◆ **Image-text web data**
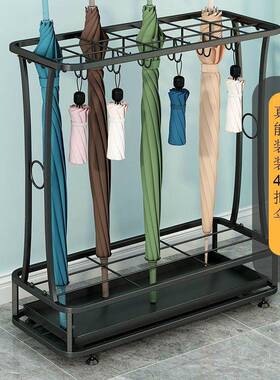 学校教室酒店大办公PZX公室司门口大号雨伞架用商用家收纳堂放置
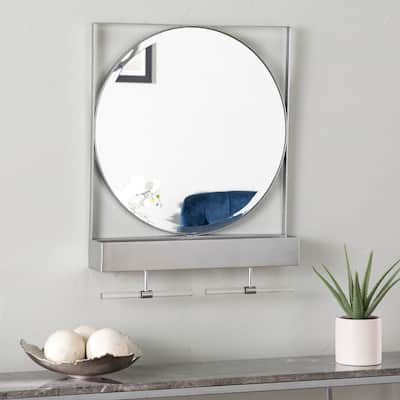 Anthrop Decorative Mirror for Wall Decor Living Room,Mirrors for Bathroom Entryway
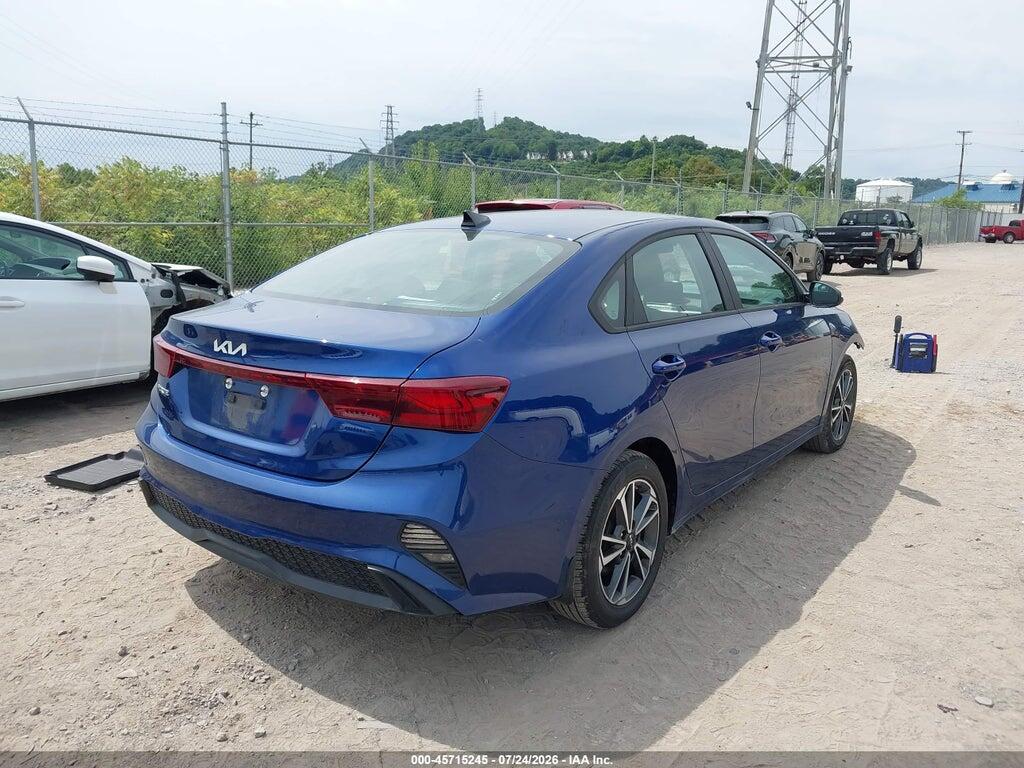 3KPF24AD3NE500987 2022 KIA FORTE photo no. 4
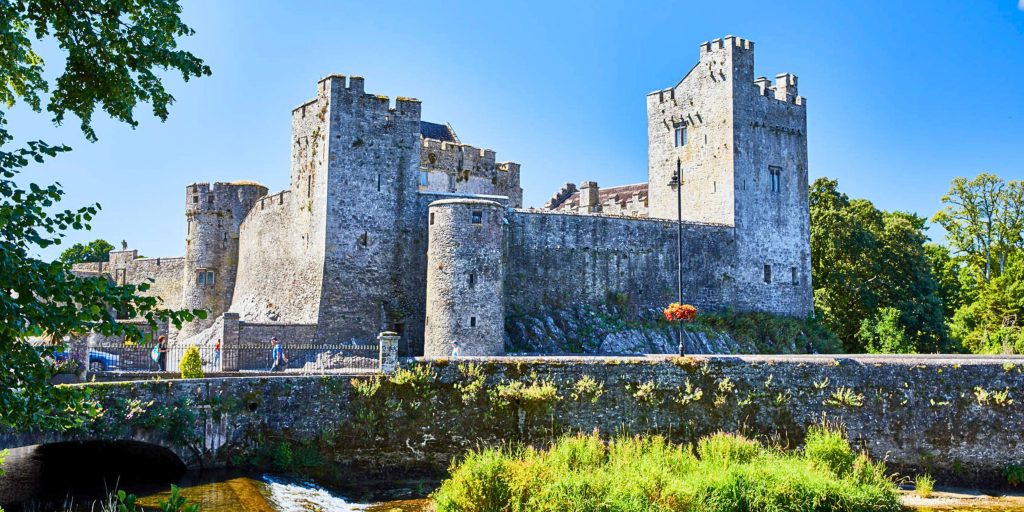 Exterior of castle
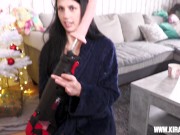 Hardcore - Fickmaschine mit 2800 Stößen die Minute zerfickt enges Teenieloch ! Kira Kane 9/16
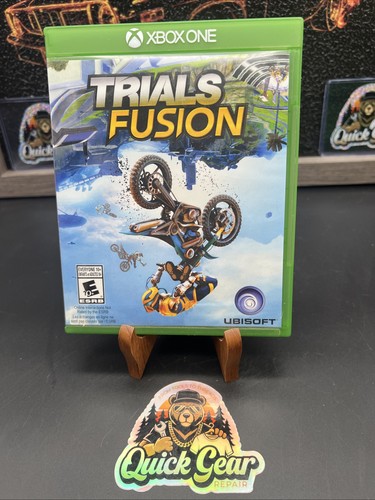 Trials fusion xbox one cib - xbox,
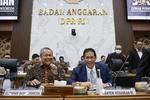 Raker Banggar DPR dengan Menkeu dan Gubernur BI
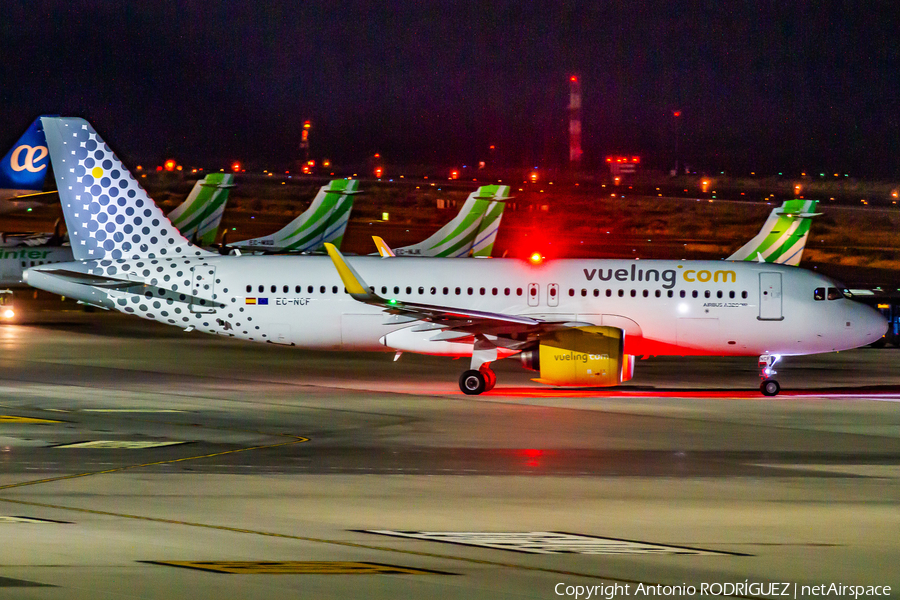 Vueling Airbus A320-271N (EC-NCF) | Photo 419361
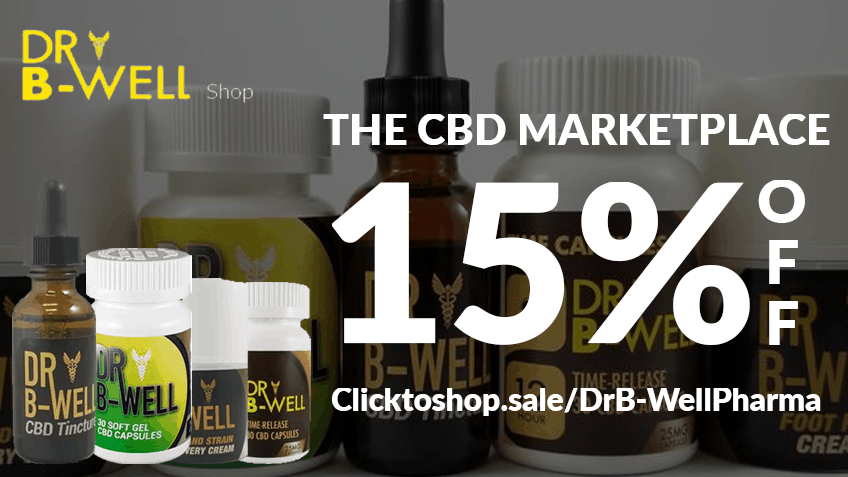 Dr B Well Pharma Coupon Code discounts promos save on cannabis online Webiste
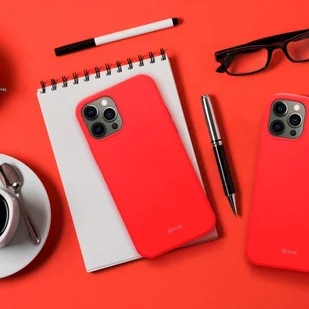 ROAR futerał COLORFUL JELLY do XIAOMI Redmi Note 14 Pro 5G Różowy - Etui i futerały do telefonów - miniaturka - grafika 1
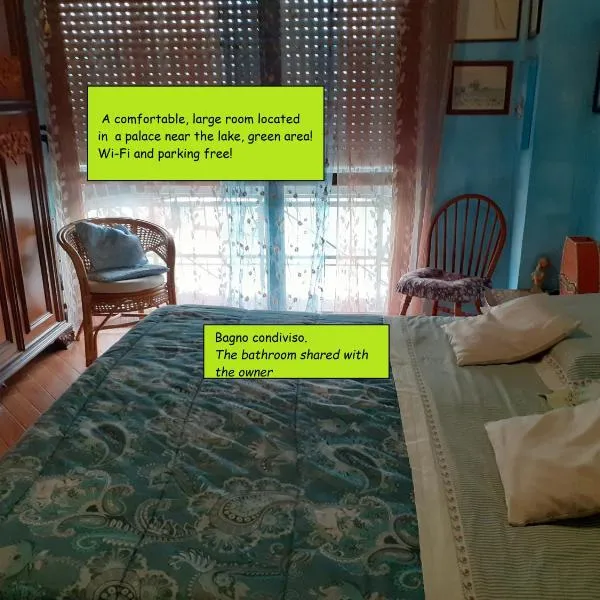 Room country-lake, hotel en Dormelletto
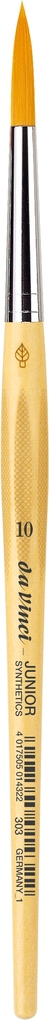 Produktbild: da Vinci Pinsel Junior Synthetics rund, Serie 303 Gr. 10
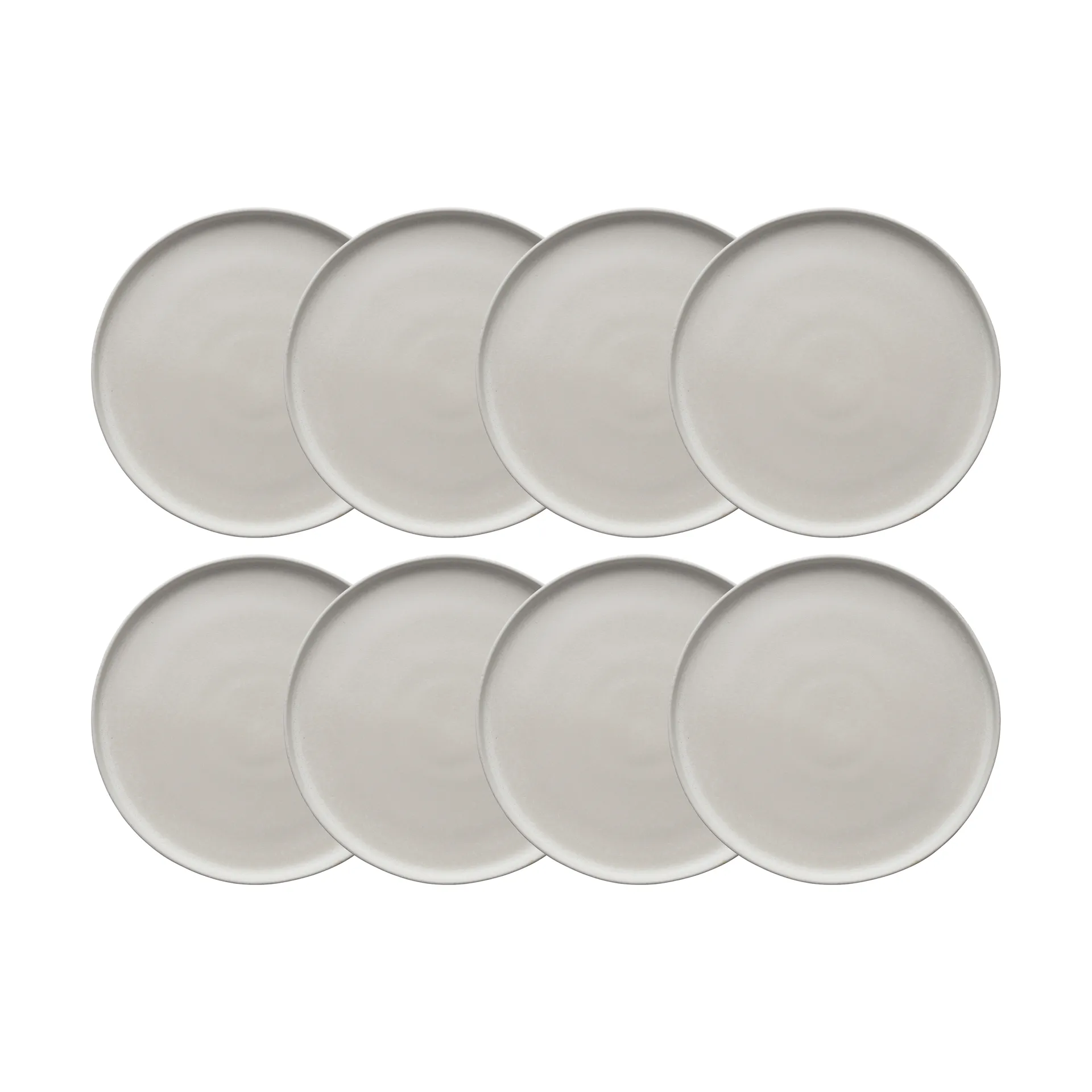Sandsbro Speiseteller offwhite, Ø26 cm, 8er pack,  Scandi Living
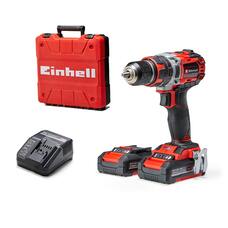 Дриль-шурупокрут ударний Einhell TP-CD 18/50 Li-i BL(2x2Ah)
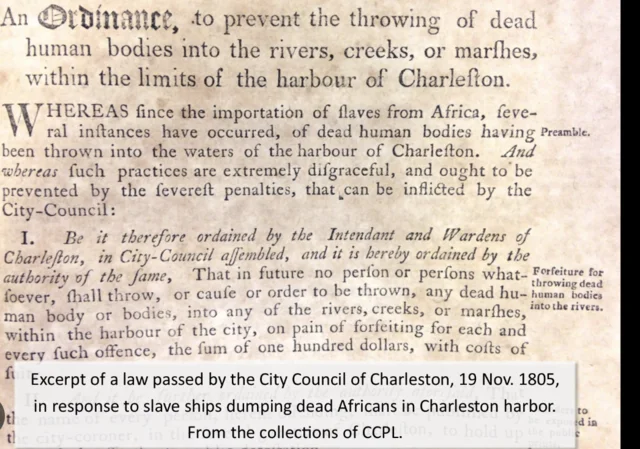Slave Trade Ends in the United States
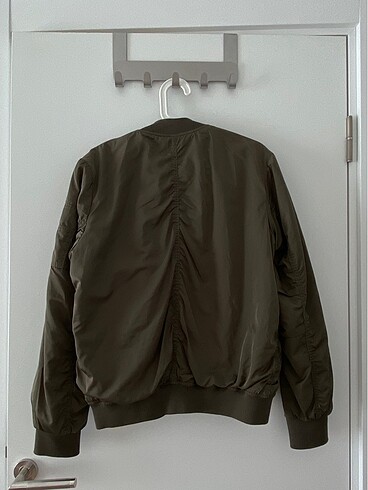 36 Beden haki Renk H&M Bomber Ceket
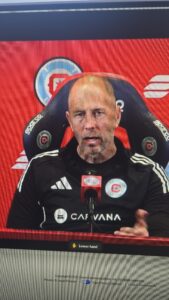 Gregg Berhalter sur Lionel Messi : "Le plus grand joueur du monde"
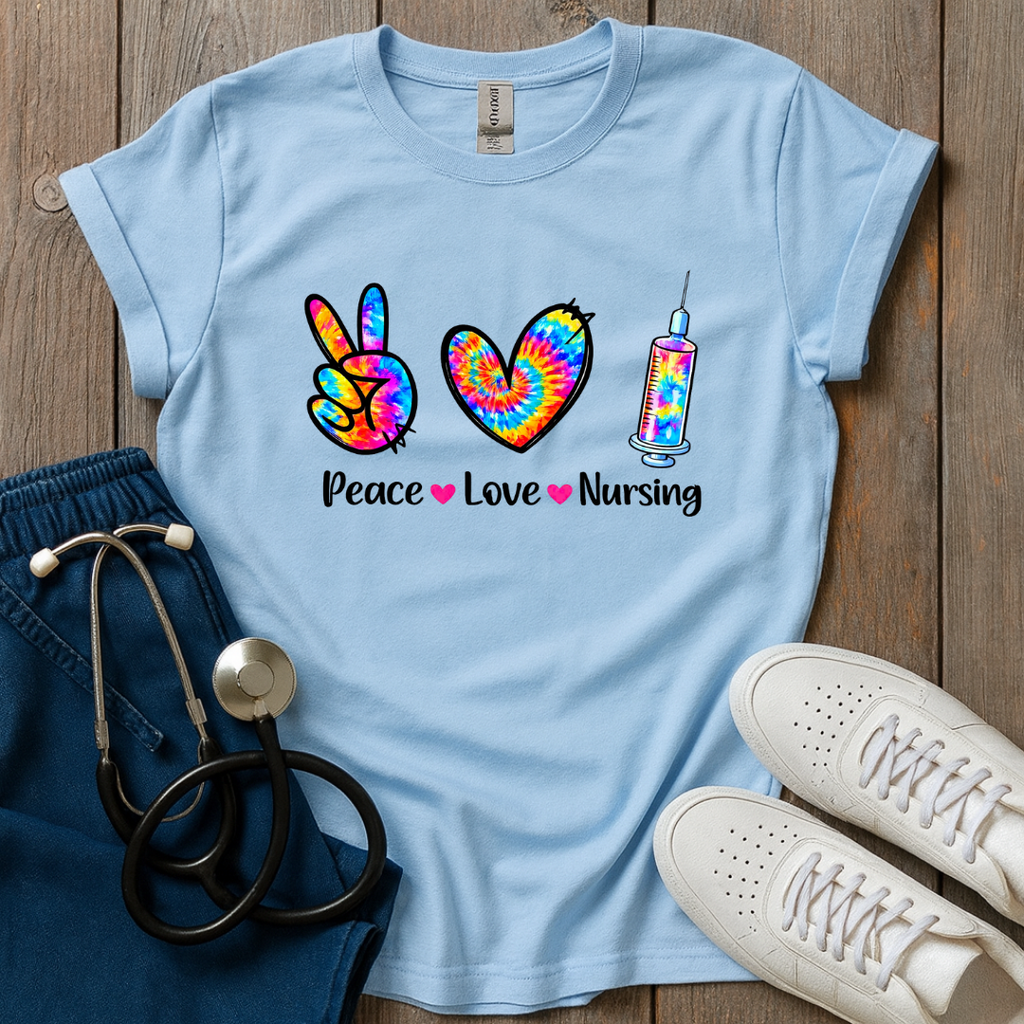Hippie Nurse Tee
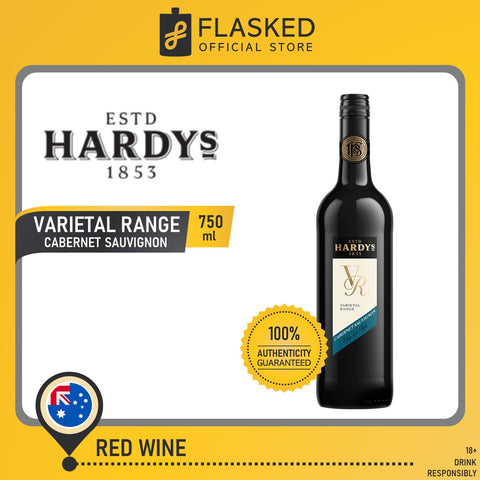 Hardy's Varietal Range Cabernet Sauvignon Red Wine 750mL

◆ **Your goal**
Output each record above exactly as written. Skip any pictures.

◆ **Problem solution**
 学校教室酒店大办公PZX公室司门口大号雨伞架用商用家收纳堂放置
 Anthrop Decorative Mirror for Wall Decor Living Room,Mirrors for Bathroom Entryway
 3KPF24AD3NE500987 2022 KIA FORTE photo no. 4
 Exterior of castle
 Hardcore - Fickmaschine mit 2800 Stößen die Minute zerfickt enges Teenieloch ! Kira Kane 9/16
 Trials fusion xbox one cib - xbox,
 Raker Banggar DPR dengan Menkeu dan Gubernur BI
 Vueling Airbus A320-271N (EC-NCF) | Photo 419361
 Dr B Well Pharma Coupon Code discounts promos save on cannabis online Webiste
 ROAR futerał COLORFUL JELLY do XIAOMI Redmi Note 14 Pro 5G Różowy - Etui i futerały do telefonów - miniaturka - grafika 1
 Room country-lake, hotel en Dormelletto
 Produktbild: da Vinci Pinsel Junior Synthetics rund, Serie 303 Gr. 10
Sandsbro Speiseteller offwhite, Ø26 cm, 8er pack,  Scandi Living
 Дриль-шурупокрут ударний Einhell TP-CD 18/50 Li-i BL(2x2Ah)
Slave Trade Ends in the United States
 36 Beden haki Renk H&M Bomber Ceket
 Gregg Berhalter sur Lionel Messi : "Le plus grand joueur du monde"
Hippie Nurse Tee
 Hardy's Varietal Range Cabernet Sauvignon Red Wine 750mL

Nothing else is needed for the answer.